Ericsson’s holistic security approach depicted in Figure 2 is founded on the Ericsson trust stack and designed to address and manage security challenges effectively. The four layers in Ericsson’s trust stack have been adapted to secure AI/ML components within mobile telecommunication networks. This adaptation incorporates findings and recommendations from academic research, industry insights, and cybersecurity authorities’ knowledge about AI/ML risks and mitigations, as detailed in guidelines from respected bodies like the NCSC and CISA.

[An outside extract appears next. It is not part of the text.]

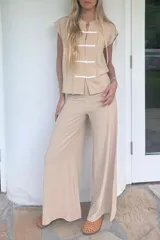 Blusa sin mangas color beige claro, confeccionada en lino tusor. Presenta cuello mao y cierre frontal con tres nudos chinos blancos. Los bordes de la abertura frontal tienen un acabado deshilachado.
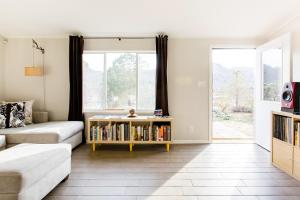ein Wohnzimmer mit einem Sofa und einem Bücherregal mit Büchern in der Unterkunft @ Marbella Lane - 10 Acres Oasis Desert Retreat! in Joshua Tree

AI/ML threat mitigation in mobile telecommunication networks

Figure 2: Holistic security approach based on Ericsson trust stack to secure AI/ML components

Security policy recommendations to policymakers

As AI/ML technologies become integral to mobile telecommunication systems, the complexity of cyber-attacks and defenses is expected to rise. Security measures must be flexible, adaptive, and scalable as AI/ML models grow in complexity and data volume. Important activities include:

  • Developing standardized secure protocols and frameworks for AI/ML.
  • Collaborative efforts in academia, industry, and standards organizations to address AI/ML's unique security challenges, such as standardized risk management, security assurance, and governance tools, processes, and methodologies.
  • Open-source projects, tools, and shared research that contribute significantly to advancing AI/ML security.

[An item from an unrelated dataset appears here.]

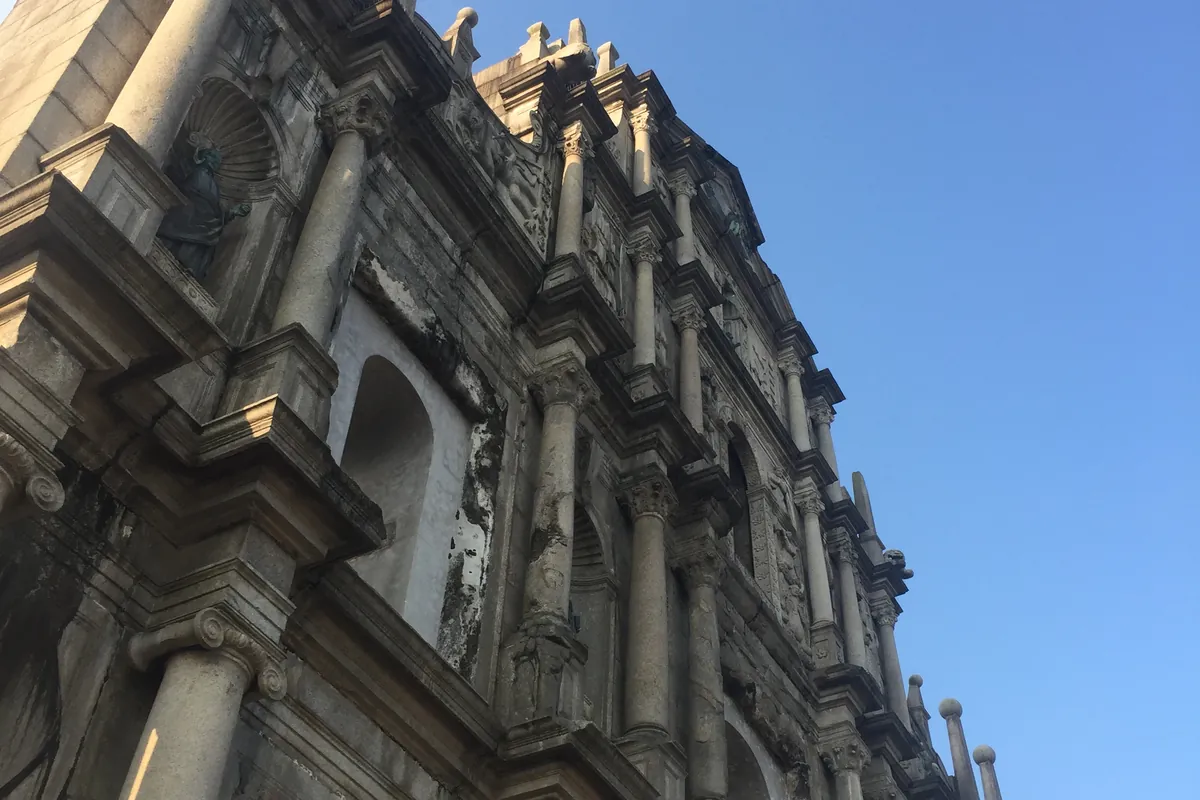 The ornate stone facade of the Ruins of St. Paul's in Macau, seen from below against a clear blue sky, its carved columns and niche statues lit by late sun.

Mobile networks, as part of national infrastructures, are already subject to comprehensive regulations for security and privacy, which consequently will also influence the security requirements of AI/ML components used in mobile telecommunication networks. In addition, upcoming AI/ML-specific regulations will set requirements that will ensure the security of mobile telecommunication networks. The primary policy goal should be to continue to safeguard users of mobile networks, ensuring that AI/ML components used in networks align with security and privacy standards and requirements.

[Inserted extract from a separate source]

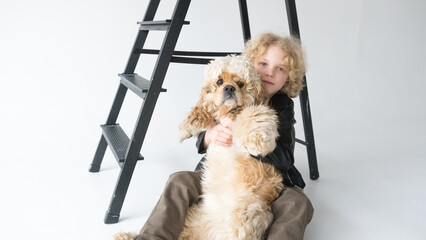 Young Boy Embracing His Fluffy Dog In Front of a Black Ladder on a White Background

Furthermore, policymakers should enable the industry to maximize benefits from AI/ML, including in the security domain, but do so in ways that do not slow innovation through over-regulating while avoiding compromising targeted security and resilience objectives. This can be achieved by considering the following recommended cybersecurity policy actions:

  • Stimulate research on AI/ML to enhance threat detection.
  • Engage with industry to share understanding of telecom-specific threat landscape, focusing on 5G evolution and future 6G systems.
  • Promote awareness of structured approaches to AI/ML-specific attacks.
  • Work with industry to develop sector-specific security best practices for mitigating AI/ML-enabled traditional and novel attacks.
  • Foster broad implementation of relevant security controls.
  • Update security risk assessments in existing regulatory frameworks and include relevant AI/ML risk assessment practices, leverage NIST AI RMF.
  • Promote coordinated standardization work, while avoiding creating silos.
  • Promote AI/ML security best practices where appropriate supported by public funding of open-source projects.
  • Promote advancements in confidential computing to enable Trusted Execution Environments for virtualized AI/ML training and applications.
  • Promote privacy-enhancing technologies to protect privacy remove barriers to data sharing without violating privacy.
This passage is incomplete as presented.